There are no photoshop in action here, such software will not find a home on my computer.
Though it could probably be made cooler with it, but in all manners of life i play with a open hand if i have the chance.
If there are no ban on fires this year i think i will pick up fire shooting again, and try and devise new ways to make the splash take new shapes, and i have a few other ideas too, that probably are more suited for video.
The phoenix are one picture in a series / burst of 5 which my cheap Nikon DSLr take in sport mode, the other 4 are pretty mundane in comparison.
ISO values and exposure time i set manual.
I am also wondering how such photos would look using bracketed shooting, which is taking several photos in rapid succession but with slightly different exposure settings for each photo, overlaying these can give you interesting dynamic pictures, though it is probably not a good approach to fast movement.

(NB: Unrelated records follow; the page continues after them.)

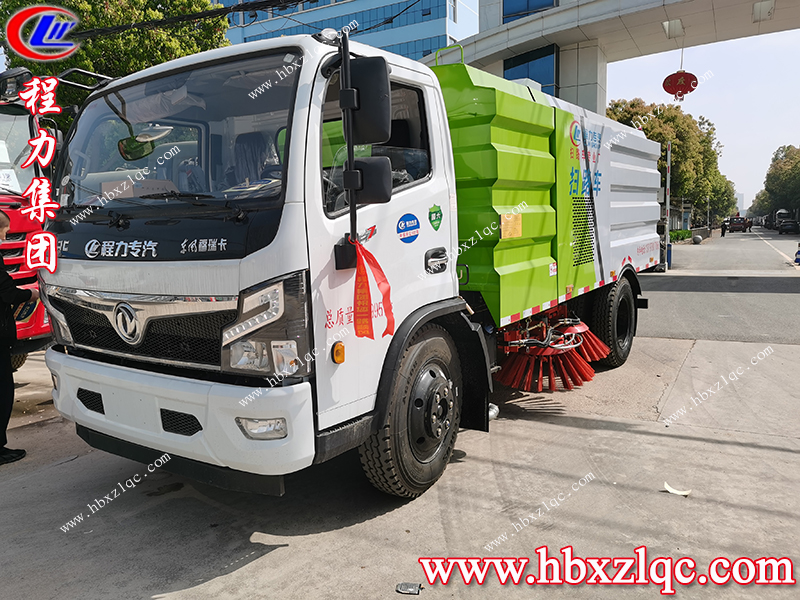 程力集團(tuán)東風(fēng)福瑞卡掃路車，北京客戶到廠自提車并學(xué)習(xí)操作方法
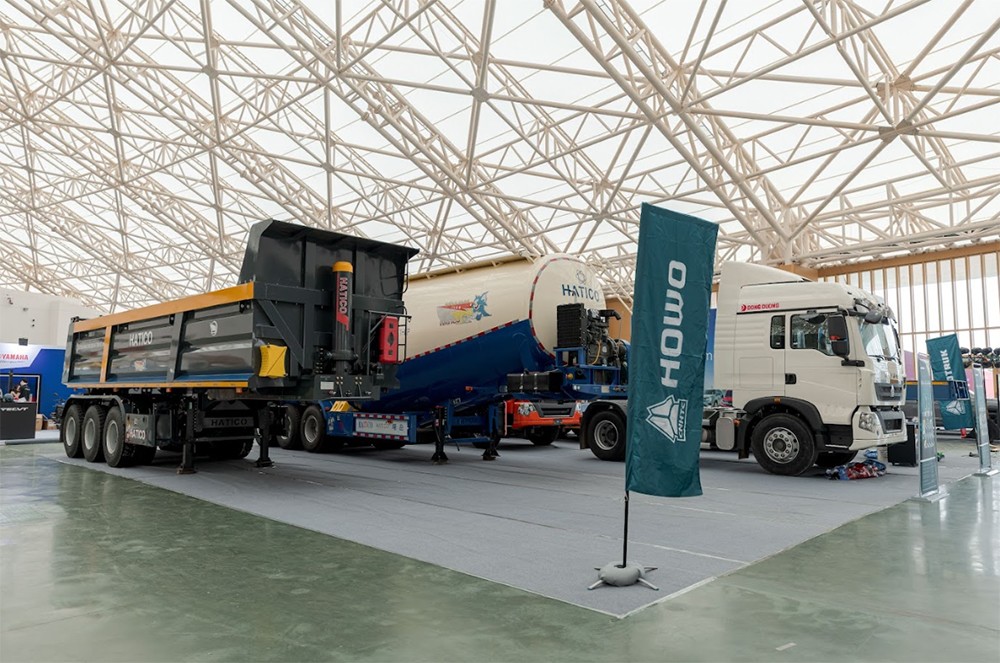 Ngành vận tải cũng không kém cạnh với dàn xe đầu kéo Howo và rơ-moóc chuyên dụng của Hatico
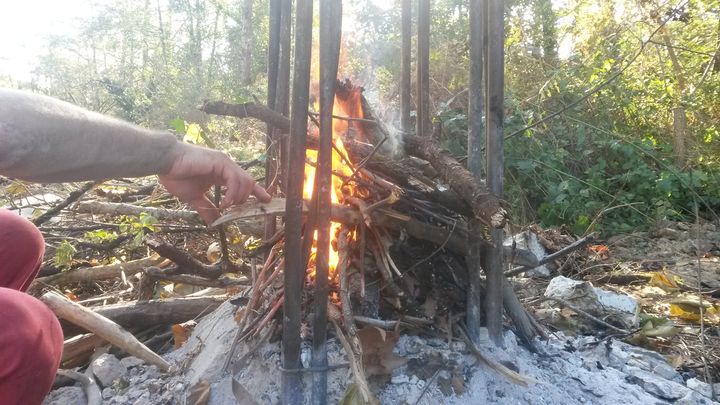 Un opposant tente de faire fondre les structures m&eacute;talliques d'un poteau &eacute;lectrique, afin d'&eacute;riger une barricade, sur le site du projet de barrage de Sivens (Tarn), en octobre 2014. (FABIEN MAGNENOU / FRANCETV INFO)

This is a bracketed photo out my living room window, the first one are 5 pictures combined and mixed, the second picture are the middle of the 5 pictures on its own which i assume is what the photo looked if i asked my dji Osmo action to just take 1 picture.
I know wish picture i prefer.
The top picture scream, the night is coming, the second picture is just "this is what you can see from my living room window, and some of it you have to extrapolate on"
FYI. this kind of shooting ( bracketed ) you can probably also do on your phone, all you need is a way to steady it, though most mixing software's do have a auto align feature to put the 3 - 5 almost same pictures on top of each other.
you can also freehand as the pictures are still snapped as fast as possible, thats fine if there are plenty of light i feel
I am using the Aurora HDR software myself, photoshop and others also support this stuff.